What are the Steps to apply for PR visa to australia ?
which state is better for software professionals ..


----------



## auzee_bujji (Jan 25, 2012)

lax_lambor said:


> What are the Steps to apply for PR visa to australia ?
> which state is better for software professionals ..


You have 3 months left before July (new changes), I doubt you will be able to complete IELTS, ACS assessment and lodge the application before that.

First step is, check if you have eligible points for PR


----------



## lifeisgood (Mar 30, 2010)

start off by reading the sticky threads..
there's loads of information and go through this forum ...I am sure you will find a LOT of relevant info ...

DIAC Main site

PR visa : Two different categories :
PR Category

175 : Independent PR visa..processing period is around 9 months 
176 : State sponsored..processing period is under 4 weeks...

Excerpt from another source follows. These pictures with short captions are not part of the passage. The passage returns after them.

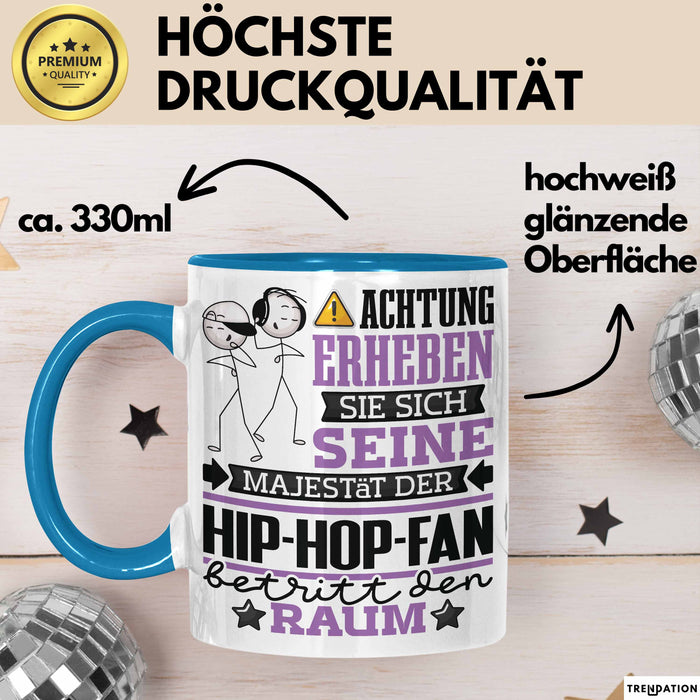 Hip-Hop-Fan Geschenk Tasse Lustiger Spruch Erheben Sie Sich Der Hip-Hop-Fan Betritt den Raum Blau Trendation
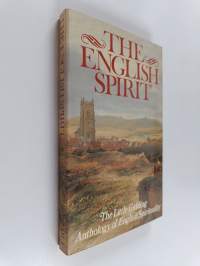 The English Spirit - The Little Gidding Anthology of English Spirituality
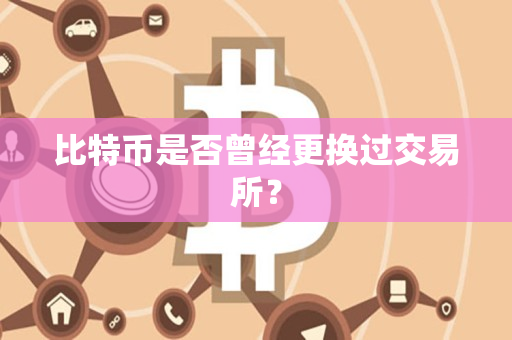 比特币是否曾经更换过交易所？
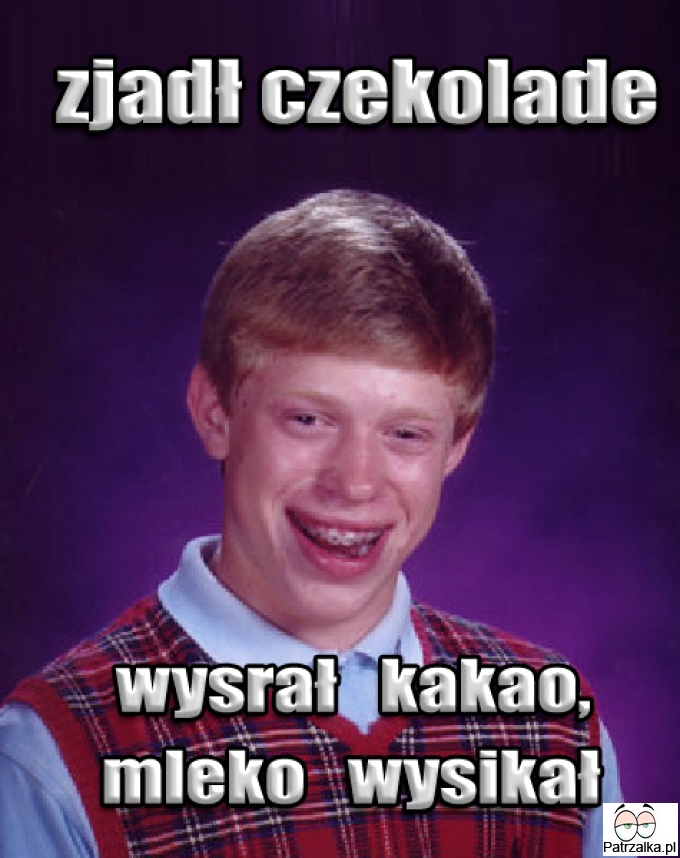 Brian pechowiec - rozdrabniacz czekolady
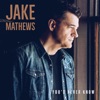 Jake Mathews - You'd Never Know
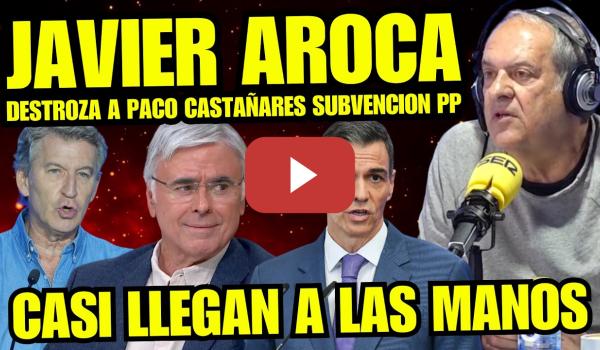 Embedded thumbnail for JAVIER AROCA FULMINA A PACO CASTAÑARES POR BULERO "ESTÁS SUBVENCIONADO POR EL PARTIDO POPULAR"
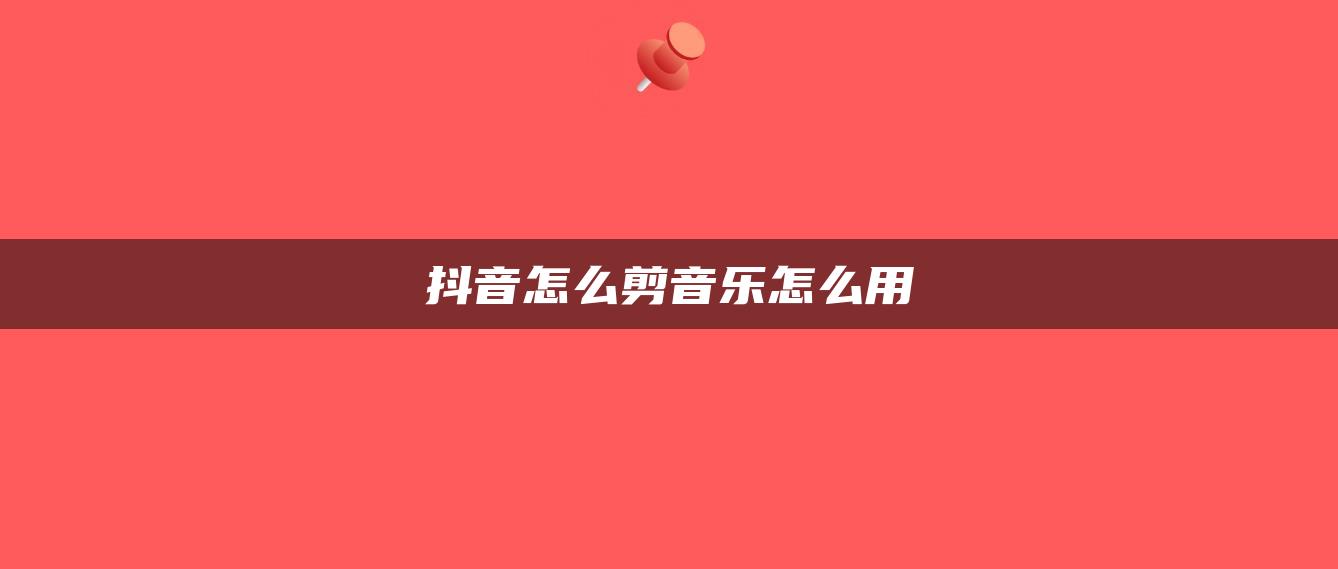 抖音怎么剪音乐怎么用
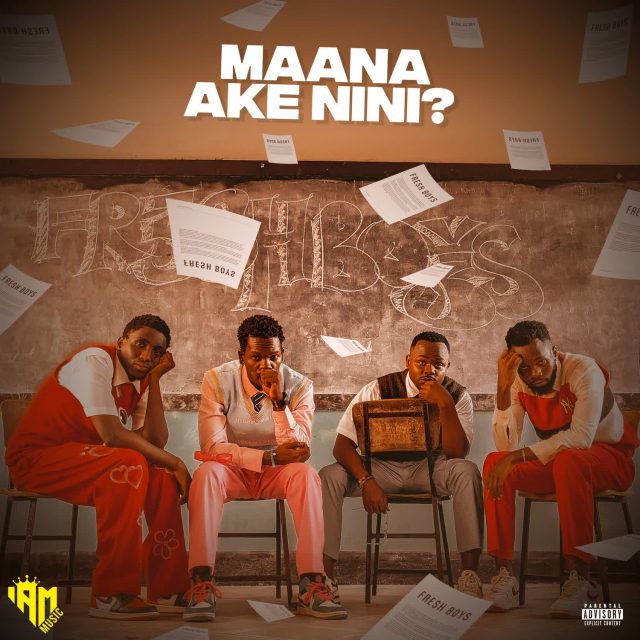 FreshBoys – Maana Ake Nini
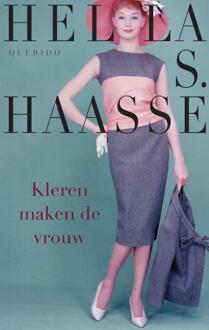 Singel Uitgeverijen Kleren maken de vrouw - Boek Hella S. Haasse (9021446537)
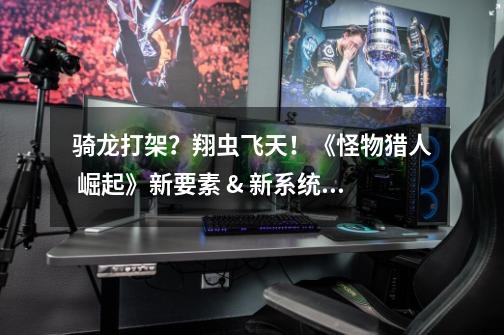 骑龙打架?翔虫飞天!《怪物猎人 崛起》新要素 & 新系统介绍-第1张-游戏资讯-龙启网络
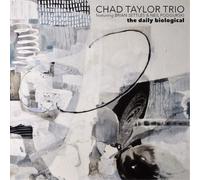 Chad Taylor Trio The Daily Biological (CD) Album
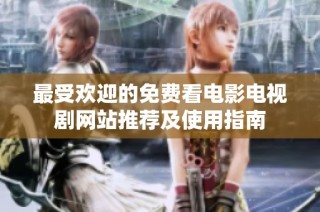 最受欢迎的免费看电影电视剧网站推荐及使用指南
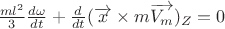 $\[\frac{{m{l^2}}}{3}\frac{{d\omega }}{{dt}} + \frac{d}{{dt}}{(\overrightarrow x  \times m\overrightarrow {{V_m}} )_Z} = 0\]$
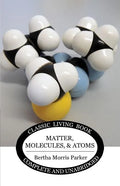 Matter, Molecules, and Atoms - Paperback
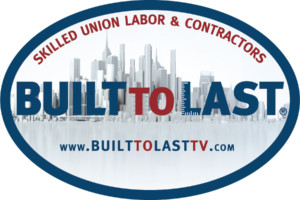 Skilled Union Labor and Contractors Built to Last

You will need to go to each state's website and check for the most recent SS migration list...
For South australia visit : SA migration list





lax_lambor said:


> What are the Steps to apply for PR visa to australia ?
> which state is better for software professionals ..


----------



## lifeisgood (Mar 30, 2010)

Also,time is probably not on your side bcoz you need to really really hurry up if you wanna apply before July 2012. If time is not a constraint then do your research properly and then apply...


----------



## lax_lambor (Sep 27, 2011)

what documents are required for ACS application ? (I am software Engineer). How much time it takes for response from ACS ?


----------



## kshaggarwal (Dec 26, 2011)

ACS taken an average time of 5 weeks if your documents are complete when you submit the application.


----------



## lax_lambor (Sep 27, 2011)

I am going through many other threads here and find very much knowledgable .
Can anybody list the document required for ACS application , in which form have to send(soft /hard) and or by what means courier or online ?
Is there any fee to pay with this and if yes, then how much it will be (approx)?


----------